**Goal of the exercise:**
Print the entries exactly as they appear, and omit any images.

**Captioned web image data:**
--------------------
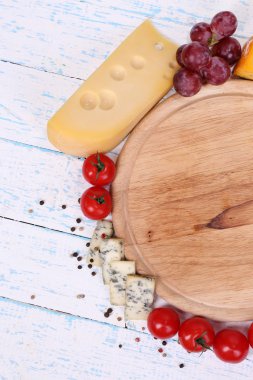 Boş tahta masa yakın çekim üzerinde peynir farklı türleri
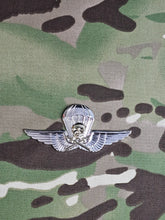 Load image into Gallery viewer, Metal Hungary / Hungarian 1940 / 2021 M - Airborne Parachutist Qualification Wings
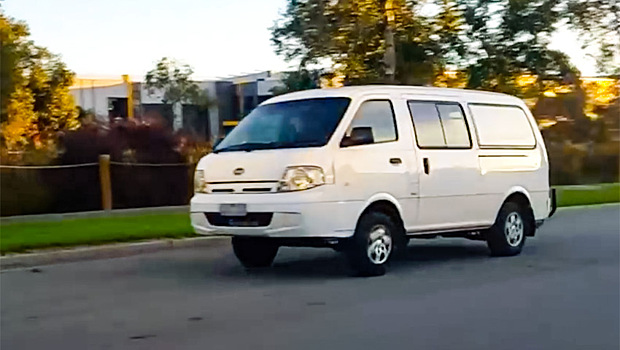 Микроавтобус Kia V12 или немного об австралийском чувстве юмора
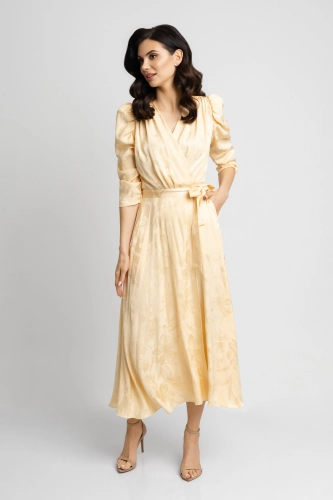 Żółta pastelowa kopertowa sukienka midi w kwiatowy  żakardowy wzór Trinity by Swing    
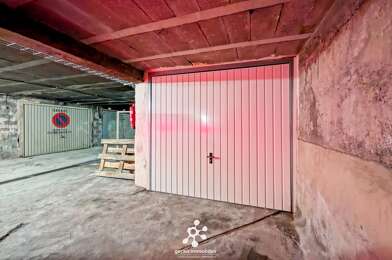 Garage  23000 €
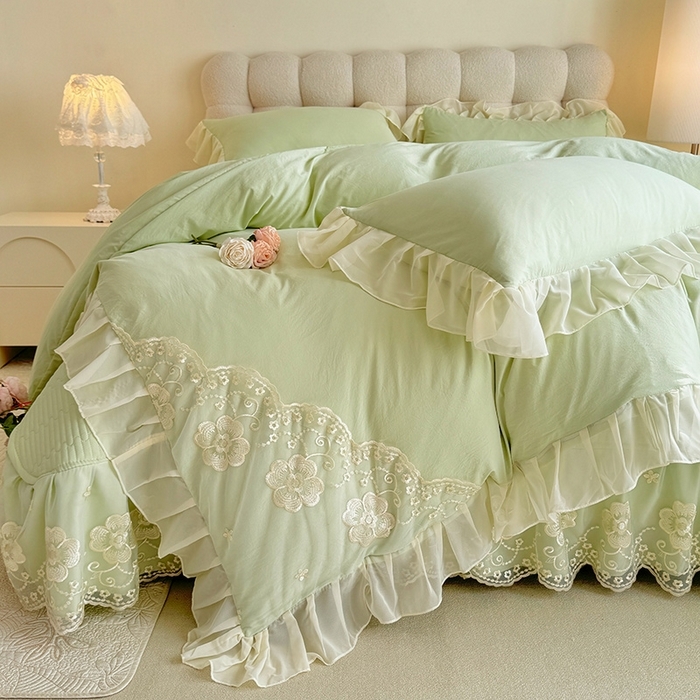 91家纺网 家纺一手货源 找家纺 （总）迪梦姿家纺 2026新款简约纯色高密水洗棉花边床盖四件套-爱丽莎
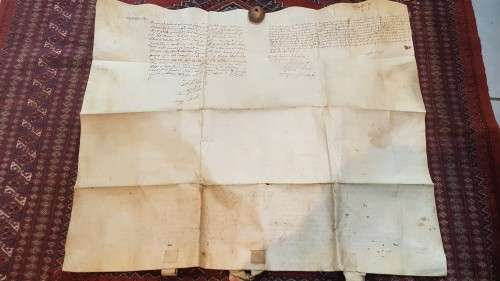 Handwritten Indenture dated 1679. On Vellum.  Concerning property in Bengeworth, England.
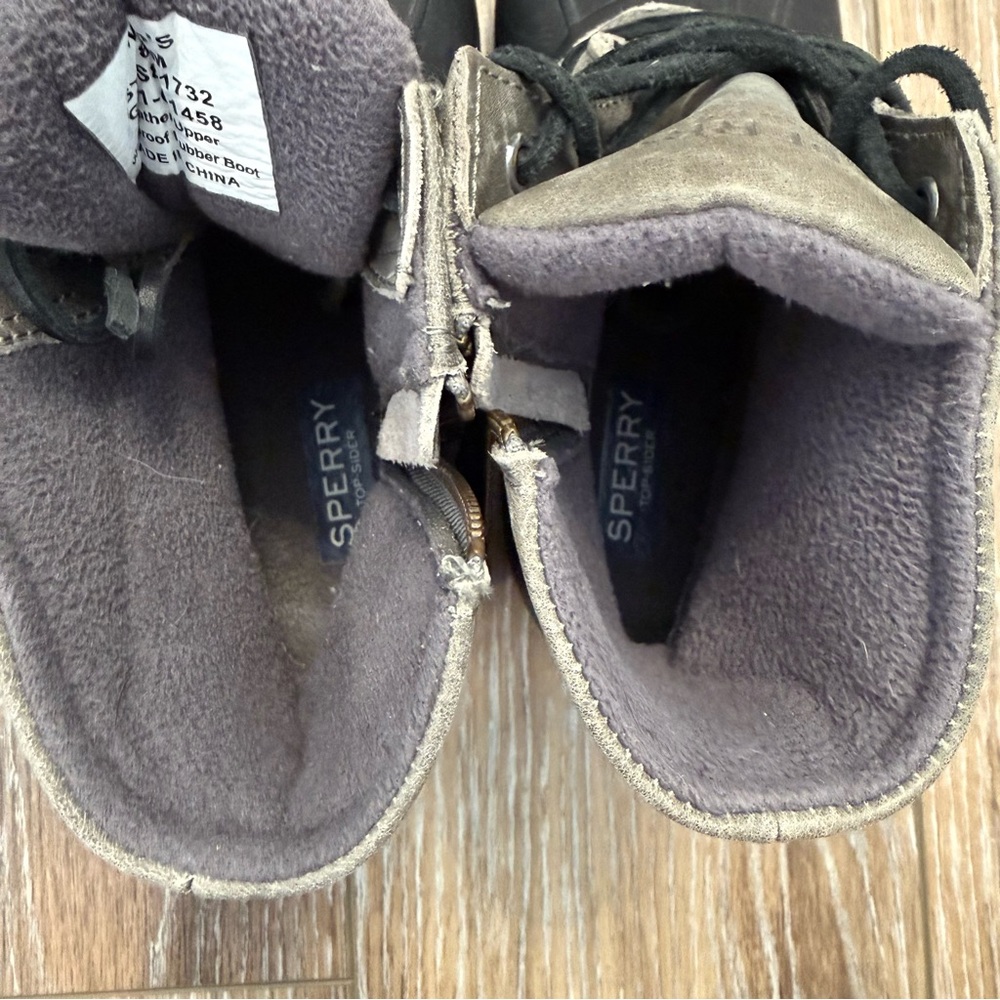 Sperry Waterproof Leather Duck Boots Women SZ 8M Black & Gray Preppy Snow Rain - Picture 5 of 9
--------------------
**Result of the exercise:**
 Boş tahta masa yakın çekim üzerinde peynir farklı türleri
 Load image into Gallery viewer, Metal Hungary / Hungarian 1940 / 2021 M - Airborne Parachutist Qualification Wings
 Микроавтобус Kia V12 или немного об австралийском чувстве юмора
 Żółta pastelowa kopertowa sukienka midi w kwiatowy  żakardowy wzór Trinity by Swing    
 Garage  23000 €
 91家纺网 家纺一手货源 找家纺 （总）迪梦姿家纺 2026新款简约纯色高密水洗棉花边床盖四件套-爱丽莎
 Handwritten Indenture dated 1679. On Vellum.  Concerning property in Bengeworth, England.
 Sperry Waterproof Leather Duck Boots Women SZ 8M Black & Gray Preppy Snow Rain - Picture 5 of 9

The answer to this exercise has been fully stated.